The next thing I do is put my financial reports together. I like to put things in order of tax preferential treatment, so I’m showing Roth IRAs first, and then I’ve got a variable annuity in there, so we might have some income benefits.
Conducting the meeting
I get everybody in and sincerely thank the kids for coming. I tell them that I appreciate that they made time to come, as I know everyone has busy schedules. I tell them that their parents are important clients of mine and that my goal is to ensure we’ve put them in the best position to have a comfortable retirement.
“One of their goals is, hopefully, to be able to leave you guys some money when their time is done, and we want to make sure you have every opportunity to take advantage of some of the benefits we’ve put in place, so I really want to thank you for coming.” Set the tone, set it right.
The next thing I do is tell them my reason for doing this. I give them a little synopsis of my background and that I am a comprehensive, holistic advisor. I tell the kids what I’m doing for their parents and assert that what we do has value.
Then it’s time to gather some information. I start by asking the kids a couple of questions like, “Who’s going to take care of things if you’re not able to blink once for yes or twice for no?” I have to know how much money they have. I have to know what their tax brackets are. I need to know all of this stuff just for my own compliance. I need to know social security numbers. I need to know the beneficiaries.

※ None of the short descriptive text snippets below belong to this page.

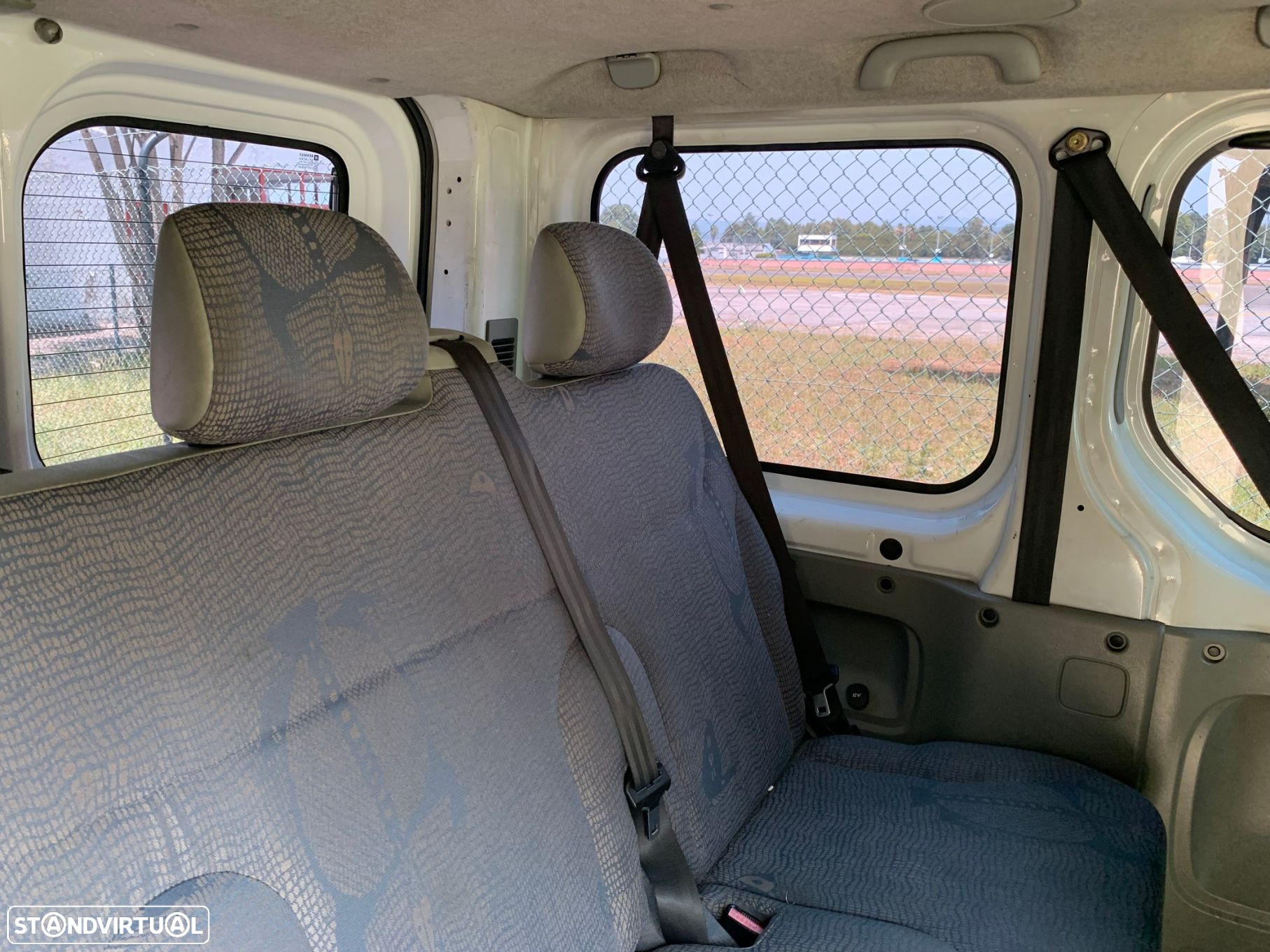 Renault Trafic 1.9 dCi L1H1 1T 100 9L - 16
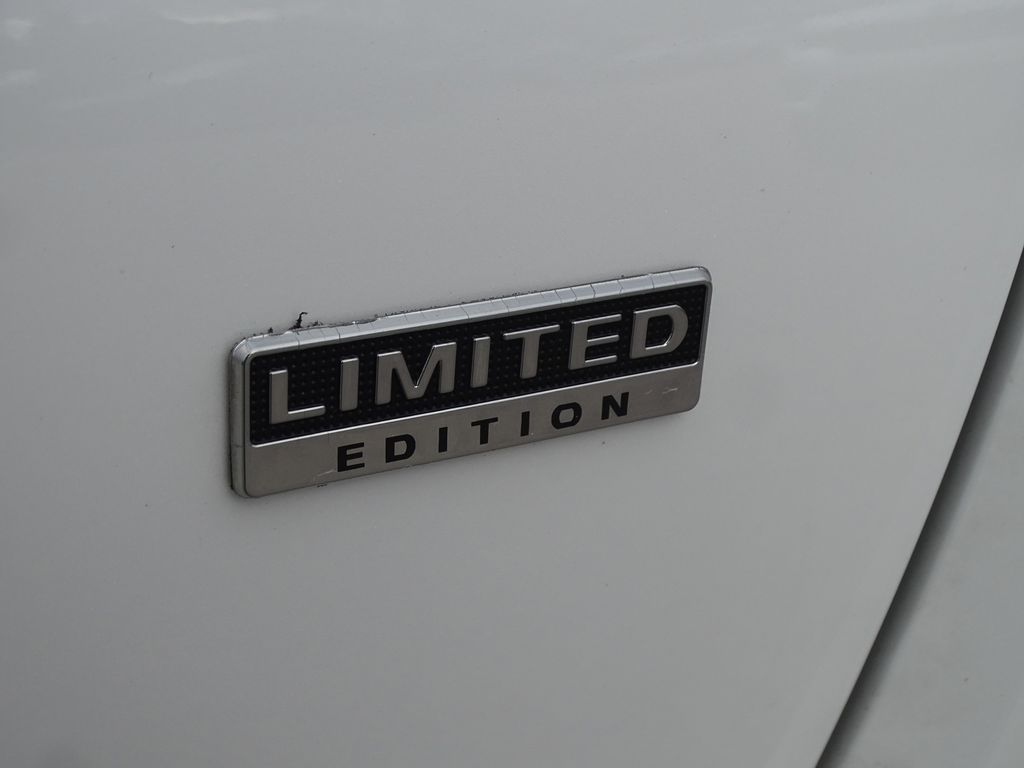 Vehicle image 36 of 43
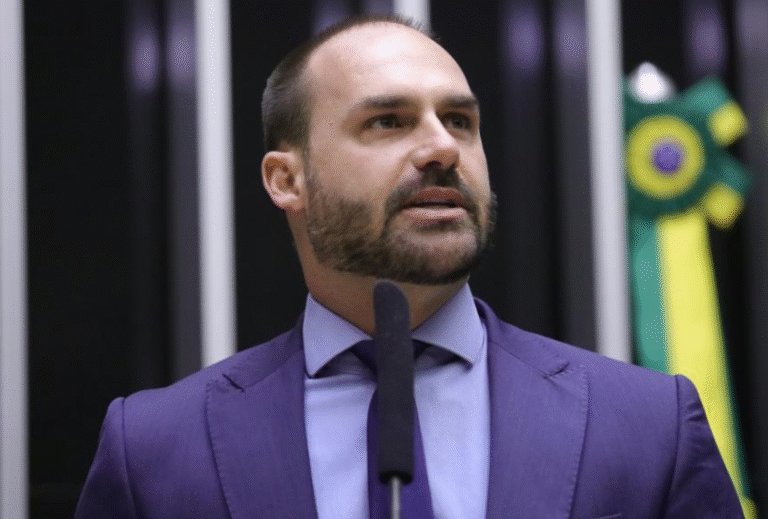 Urgente: PGR pede condenação de Eduardo Bolsonaro por coação em processo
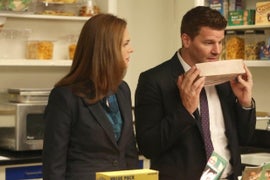 Fox Renews ‘Bones’ for Season 10, ‘Kitchen Nightmares’ Season 6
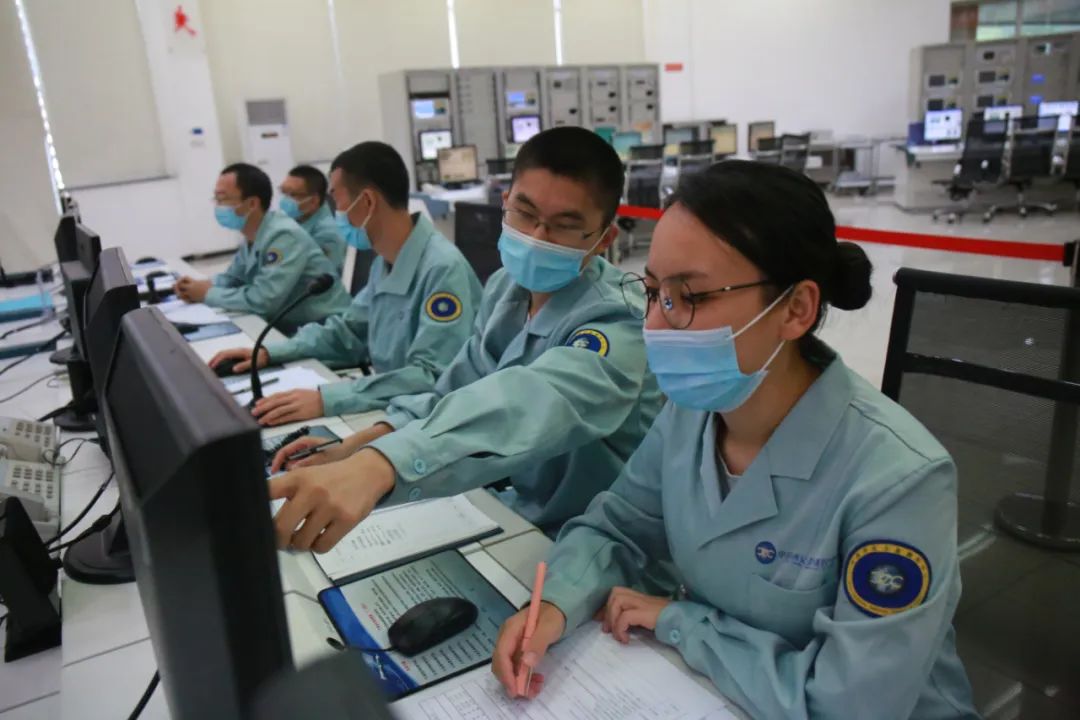 b图_大狗插女人的b图黄图_图b是什么意思啊
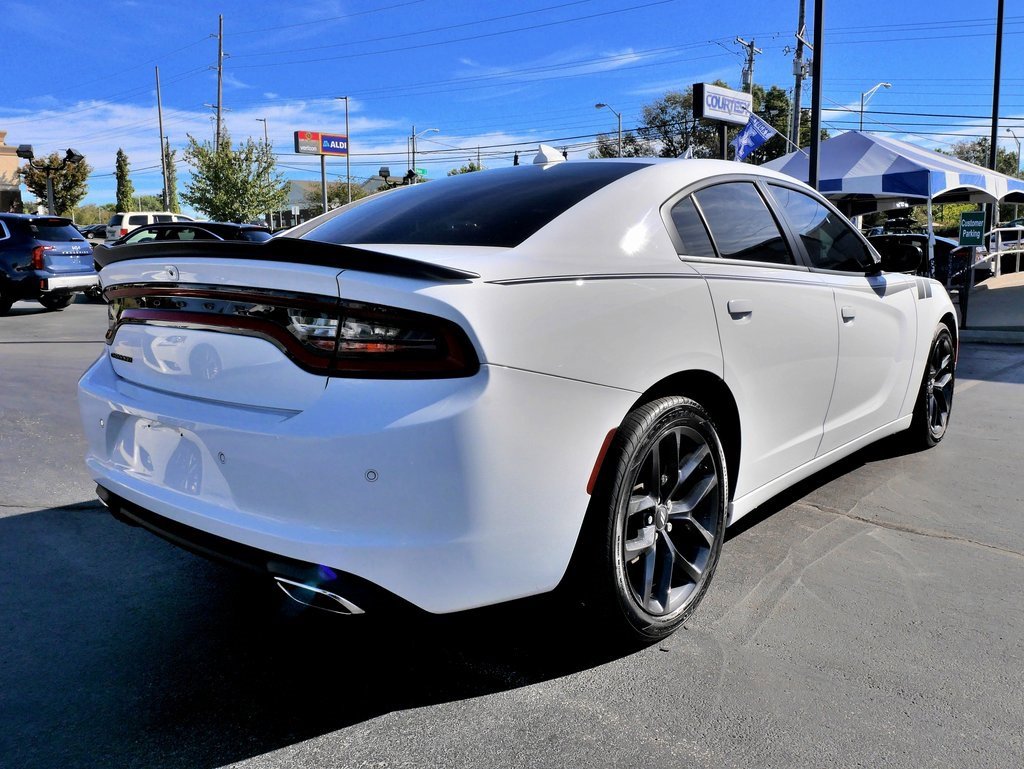 Used 2022 Dodge Charger SXT w/ Plus Group image 7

Then I state that I want to apply for the job to be their advisor. It’s subtle, it’s smooth and it works very well. I typically get somewhere between 40% and 60% of the kids, and they’ll end up becoming clients immediately when the parents die.
We put together a red book, or what I call the owner’s manual, which clients fill out so the kids don’t have to rummage through the drawers and try to figure out what’s what. It gives them contact information, people they need to get a hold of and all of what they need to do when a parent dies.
My information is right on the front cover. That’s who I want them to call. I should be guiding them through the process, so it’s all there to keep this stuff tied together. And it often leads to a lasting relationship with the kids.